Als Lehrkraft professionell agieren

(v.l.): Alexander Stappert (Projekt BRIDGES), Tanja Föhr (Agentur für Wissenstransfer und Innovationskulturen), Prof.in Dr. Yvette Völschow (Tagungsleitung), Prof. Dr. Michael Ewig (Vizepräsident für Forschung und Nachwuchsförderung), Katrin Kunze (Projekt BRIDGES).

Visualisierung durch Tanja und Paula Föhr (Agentur für Wissenstransfer und Innovationskulturen).

Bin ich ein guter Lehrer bzw. eine gute Lehrerin? Kann ich meine Schülerinnen und Schüler sowie ihre Eltern adäquat beraten? Wie ist es um die Zusammenarbeit mit Kolleg_innen bestellt? Derlei Fragen sollte sich eine professionelle und selbstreflektierende Lehrkraft regelmäßig stellen. Wie diese Kompetenzen bereits an der Hochschule in die Lehramtsausbildung integriert werden können, war Thema der vom 27. bis 28. September 2018 an der Universität Vechta ausgerichteten Fachtagung „Beratung und (Selbst-)Reflexion in der Lehrer_innenbildung.“ Circa 100 Teilnehmer_innen – vorwiegend Wissenschaftler_innen aber auch einige Praktiker_innen aus dem Bereich der Lehrerbildung kamen aus dem gesamten Bundesgebiet nach Vechta, um diesen Aspekt der Professionalisierung von Lehrkräften zu diskutieren.
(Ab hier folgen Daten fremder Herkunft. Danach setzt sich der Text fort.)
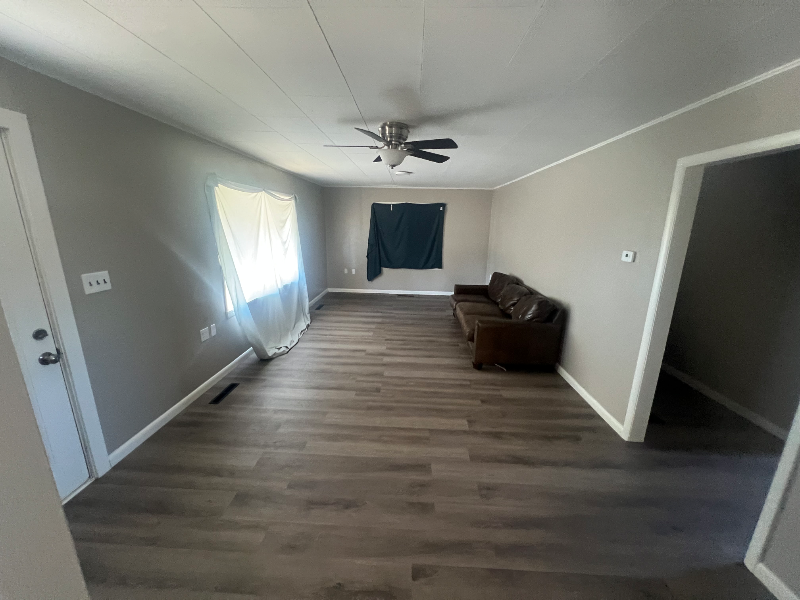 1401 Chestnut Ave #16 - Photo 5 of 11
„Das Berufsbild von Lehrkräften und die Anforderungen an sie haben sich gewandelt“, berichtet Prof.in Dr. Yvette Völschow. Sie ist Teilprojektleiterin im Forschungsprojekt „Opens external link in new windowBRIDGES: Brücken bauen, Zusammenarbeit initiieren und gestalten“ und verantwortete die Tagung. „Guter Unterricht ist mehr denn je ein Thema, aber auch die Gesundheit der Lehrkräfte rückt stärker ins Blickfeld. Beratungs- und Reflexionskompetenzen werden in diesem Kontext immer wichtiger und sollten frühzeitig beim Lehramtsstudium, aber auch später, z. B. in der Lehrerfortbildung, thematisiert werden.“

Zentrale Bestandteile der Fachtagung waren drei Hauptvorträge, in denen „Reflexivität als eine Herausforderung für Beratung und Lehramt“ (Prof. Dr. Jörg Schlee, Universität Oldenburg) sowie die „Förderung von Schlüsselkompetenzen für professionelles  Handeln im Lehramt“ (Prof. Dr. Martin K.W. Schweer, Universität Vechta) und „Reflexion als Gelingensbedingung für pädagogische Eignung“ (Prof.in Dr. Telse Iwers, Universität Hamburg) betrachtet wurden.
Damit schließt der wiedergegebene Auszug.